Thanks for the discussion... its helping me get this stuff into my brain, and its giving me a chance to discuss what's at issue between floats and Decimal.

kind regards,
marcus
 
W

Wolfgang

hi Oscar, well, that's not what I'm doing with my D()... I'm not justmaking D() mimic Decimal... look inside it... there's a str() call.... consider the following experiment and you'll see what I'm talking about....
You will notice that Decimal(.1) and my D(.1) work against PI differently... in fact, Decimal(.1) decimates PI.... <sorry for the PUN>
The reason is that Decimal(.1) stores the erroneous float in the Decimal object including the float error for .1 and D(.1) works correctly because the D(.1) function in my dmath.py first converts the .1 to a string value before handing it to Decimal's constructor(s)

What Oscar tried to make clear is that Decimal(.1) does not store an "erroneous" float in the Decimal object, but an "honest" one.
Maybe this becomes clearer with calculations instead of literal values:
0.1

now try:
D(1000000000000000055511151231257827021181583404541015625/10**55)
vs
Decimal(1000000000000000055511151231257827021181583404541015625/10**55)
for an example that it is not better, in general, to go through the str()-mediated rounding you are doing.

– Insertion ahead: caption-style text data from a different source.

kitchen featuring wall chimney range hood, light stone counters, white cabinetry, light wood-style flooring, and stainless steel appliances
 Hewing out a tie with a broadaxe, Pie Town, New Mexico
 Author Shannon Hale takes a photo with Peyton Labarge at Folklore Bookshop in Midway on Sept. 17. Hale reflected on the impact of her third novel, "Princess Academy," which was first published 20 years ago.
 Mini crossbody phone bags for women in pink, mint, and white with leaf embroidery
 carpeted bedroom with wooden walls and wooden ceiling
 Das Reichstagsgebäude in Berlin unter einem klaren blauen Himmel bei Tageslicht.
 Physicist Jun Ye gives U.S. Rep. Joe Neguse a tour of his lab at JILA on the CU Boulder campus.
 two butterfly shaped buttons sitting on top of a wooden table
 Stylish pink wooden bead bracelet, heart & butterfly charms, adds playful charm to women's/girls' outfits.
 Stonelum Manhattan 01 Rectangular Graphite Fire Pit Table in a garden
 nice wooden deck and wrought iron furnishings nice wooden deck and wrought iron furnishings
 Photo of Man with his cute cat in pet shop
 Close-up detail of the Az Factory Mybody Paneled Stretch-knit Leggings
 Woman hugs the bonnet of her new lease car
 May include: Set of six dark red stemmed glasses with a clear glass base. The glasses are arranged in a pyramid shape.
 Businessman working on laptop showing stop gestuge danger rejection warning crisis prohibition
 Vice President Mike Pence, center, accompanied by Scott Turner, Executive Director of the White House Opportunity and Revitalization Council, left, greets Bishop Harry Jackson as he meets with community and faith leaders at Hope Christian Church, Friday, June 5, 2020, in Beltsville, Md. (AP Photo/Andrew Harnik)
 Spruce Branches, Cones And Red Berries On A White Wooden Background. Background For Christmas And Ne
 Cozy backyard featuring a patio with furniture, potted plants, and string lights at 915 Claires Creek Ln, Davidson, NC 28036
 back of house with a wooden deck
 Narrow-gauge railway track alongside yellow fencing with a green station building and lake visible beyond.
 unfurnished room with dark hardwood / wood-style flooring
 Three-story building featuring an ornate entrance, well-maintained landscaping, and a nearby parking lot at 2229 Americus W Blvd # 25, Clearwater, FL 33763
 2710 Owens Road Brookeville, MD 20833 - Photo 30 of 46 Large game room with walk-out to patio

Of course, if the user *intended* that float(.1) to mean exactly 0.1 then your D class does a good job at guessing, but only then.
The Decimal class, on the other hand, leaves the choice to the user as you are illustrating perfectly in your own example below:
Now, try this experiment: again from IDLE and dmath.py

Decimal('0.31415926535897932384626433832795')

see? Decimal(.1) gives the exact representation of the float, but Decimal('..1') is the way to get your D()'s default behavior.

You see? All of my functions make certain that when the Decimal objectsare created that the string constructor gets called.... so that, in thiscase, .1 really is 0.1 precisely, not floating format.

Yes, just that this is almost never what your users will want to happen ...
The Decimal constructor is really well designed, so stick to it !

Best,
Wolfgang
 
O

Oscar Benjamin

hi Oscar, well, that's not what I'm doing with my D()... I'm not just making D() mimic Decimal... look inside it... there's a str() call.... consider the following experiment and you'll see what I'm talking about...

I understood what your code is doing but I'm not sure if you do.
Calling str on a float performs an inexact binary to decimal
conversion. Calling Decimal on a float performs an exact binary to
decimal conversion. Your reasoning essentially assumes that every
float should be interpreted as an approximate representation for a
nearby decimal value. This is probably true if the user wrote "a =
0.1" but is generally not true in the kind of numeric code that is
likely to be using the transcendental functions defined in your dmath
module.

Calling Decimal(str(float)) introduces entirely avoidable inaccuracy
in your code when the primary purpose of your code as accuracy!